TITLE 45 DEPARTMENT OF STATE REVENUE

Emergency Rule
LSA Document #06-244(E)

DIGEST

Temporarily adds provisions to implement the add back of intangible expenses and directly related intangible interest expenses for purposes of the adjusted gross income tax. Authority: HEA 1001-2006, SECTION 53. Effective July 1, 2006. NOTE: IC 4-22-2-37.1 establishes the effectiveness of an emergency rule upon filing with the Publisher. This document was filed with the Publisher on July 18, 2006.

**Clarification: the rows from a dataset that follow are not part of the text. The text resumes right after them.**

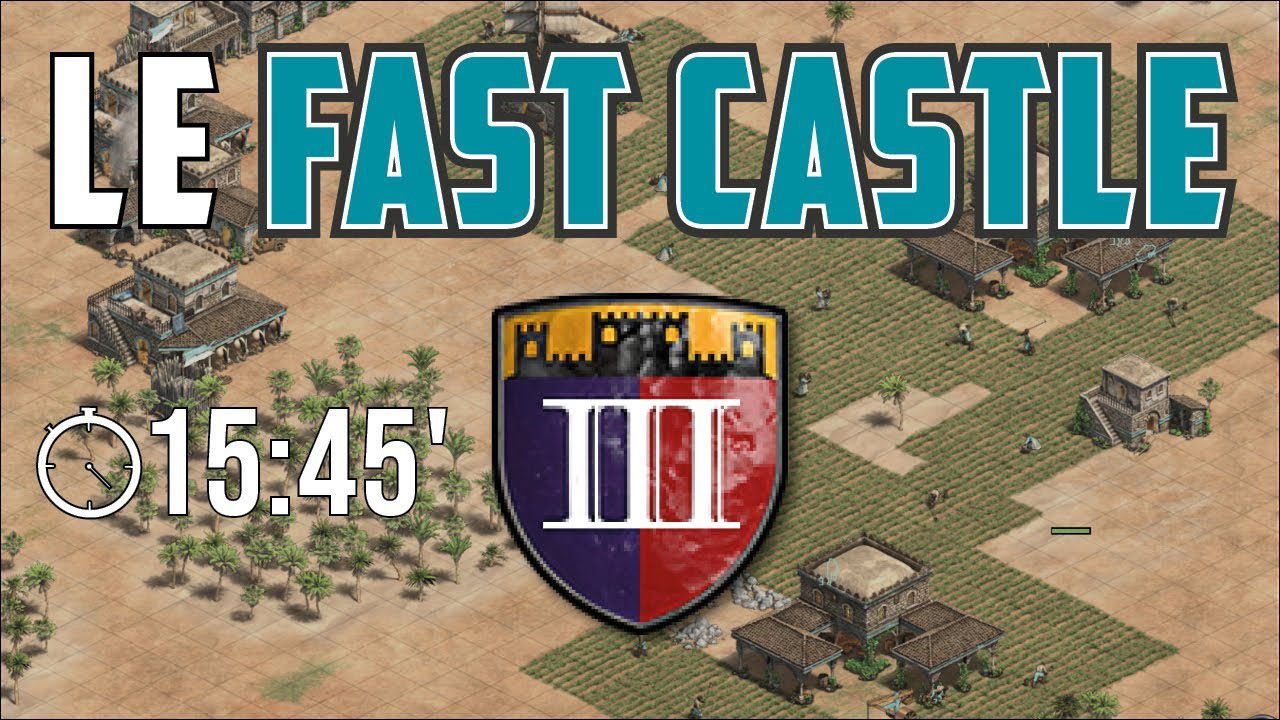 The Quick Fortress: Age of Empires 2 Definitive Edition – Building Order Tutorial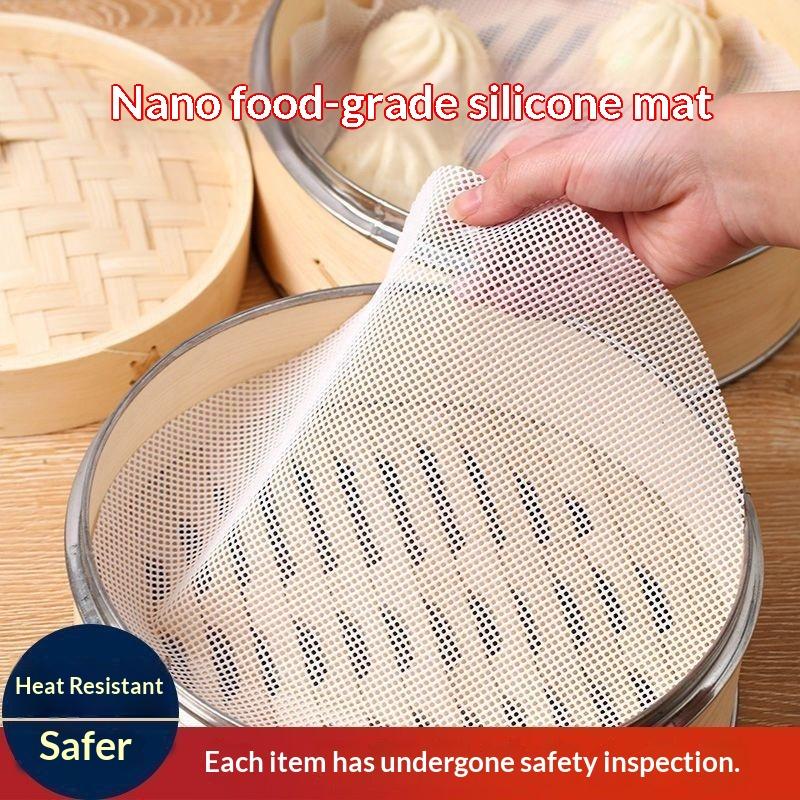 5 sztuk/zestaw Silikonowe wkła – Steamer Bamboo Set recenzja i cena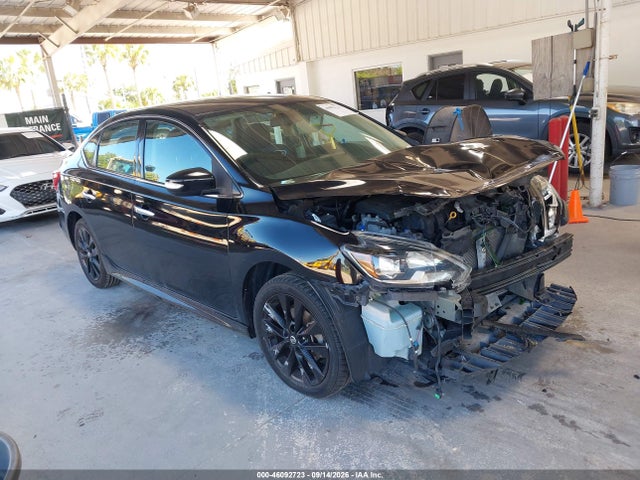 Auction sale of the 2017 Nissan Sentra Sr, vin: 3N1AB7AP7HY316504, lot number: 46092723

SECTION 1. (a) The following definitions apply throughout this SECTION:
(1) "Affiliated group" has the meaning provided in Section 1504 of the Internal Revenue Code, except that the ownership percentage in Section 1504(a)(2) of the Internal Revenue Code shall be determined using fifty percent (50%) instead of eighty percent (80%).
(2) "Directly related intangible interest expenses" means interest expenses that are paid to, or accrued or incurred as a liability to, a recipient if:
(A) the amounts represent, in the hands of the recipient, income from making one (1) or more loans; and
(B) the funds loaned were originally received by the recipient from the payment of intangible expenses by any of the following:
(i) The taxpayer.
(ii) A member of the same affiliated group as the taxpayer.
(iii) A foreign corporation.
(3) "Foreign corporation" means a corporation that is organized under the laws of a country other than the United States and would be a member of the same affiliated group as the taxpayer if the corporation were organized under the laws of the United States. The ownership percentage for a foreign corporation to qualify as a member of an affiliated group in this instance shall be fifty percent (50%).
(4) "Comprehensive income tax treaty" means a convention, or agreement, entered into by the United States and approved by Congress, with a foreign government for the allocation of all categories of income subject to taxation and/or withholding of tax on interest, dividends, and royalties, for the prevention of double taxation of the respective nations' residents, and the sharing of information.
(5) "Intangible expenses" means the following amounts to the extent these amounts are allowed as deductions in determining taxable income under Section 63 of the Internal Revenue Code before the application of any net operating loss deduction and special deductions for the taxable year:
(A) Expenses, losses, and costs directly for, related to, or in connection with the acquisition, use, maintenance, management, ownership, sale, exchange, or any other disposition of intangible property.
(B) Royalty, patent, technical, and copyright fees.
(C) Licensing fees.
(D) Other substantially similar expenses and costs.
(6) "Intangible property" means patents, patent applications, trade names, trademarks, service marks, copyrights, trade secrets, and substantially similar types of intangible assets.
(7) "Interest expenses" means amounts that are allowed as deductions under Section 163 of the Internal Revenue Code in determining taxable income under Section 63 of the Internal Revenue Code before the application of any net operating loss deductions and special deductions for the taxable year.
(8) "Makes a disclosure" means a taxpayer provides the following information regarding a transaction with a member of the same affiliated group or a foreign corporation involving an intangible expense and any directly related intangible interest expense with the taxpayer's tax return on the forms prescribed by the department:
(A) The name of the recipient.
(B) The state or country of domicile of the recipient.
(C) The amount paid to the recipient.
(D) A copy of federal Form 851, Affiliation Schedule, as filed with the taxpayer's federal consolidated tax return.
(E) The information needed to determine the taxpayer's status under the exceptions listed in subsection (c).
(9) "Recipient" means:
(A) a member of the same affiliated group as the taxpayer; or
(B) a foreign corporation;
to which is paid an item of income that corresponds to an intangible expense or any directly related intangible interest expense.
(10) "Unrelated party" means a person that, with respect to the taxpayer, is not a member of the same affiliated group or a foreign corporation.
(11) "Valid business purpose" means one (1) or more transactions that have sufficient economic substance, other than the avoidance or reduction of taxes, that alone or in combination:
(A) constitute the primary motivation for a business activity; or
(B) change, in a meaningful way, the taxpayer's economic position.
A meaningful change in the taxpayer's economic position includes, but is not limited to, an increase in market share, its entry into new business markets, or its compliance with a regulatory requirement of federal, state, or local government.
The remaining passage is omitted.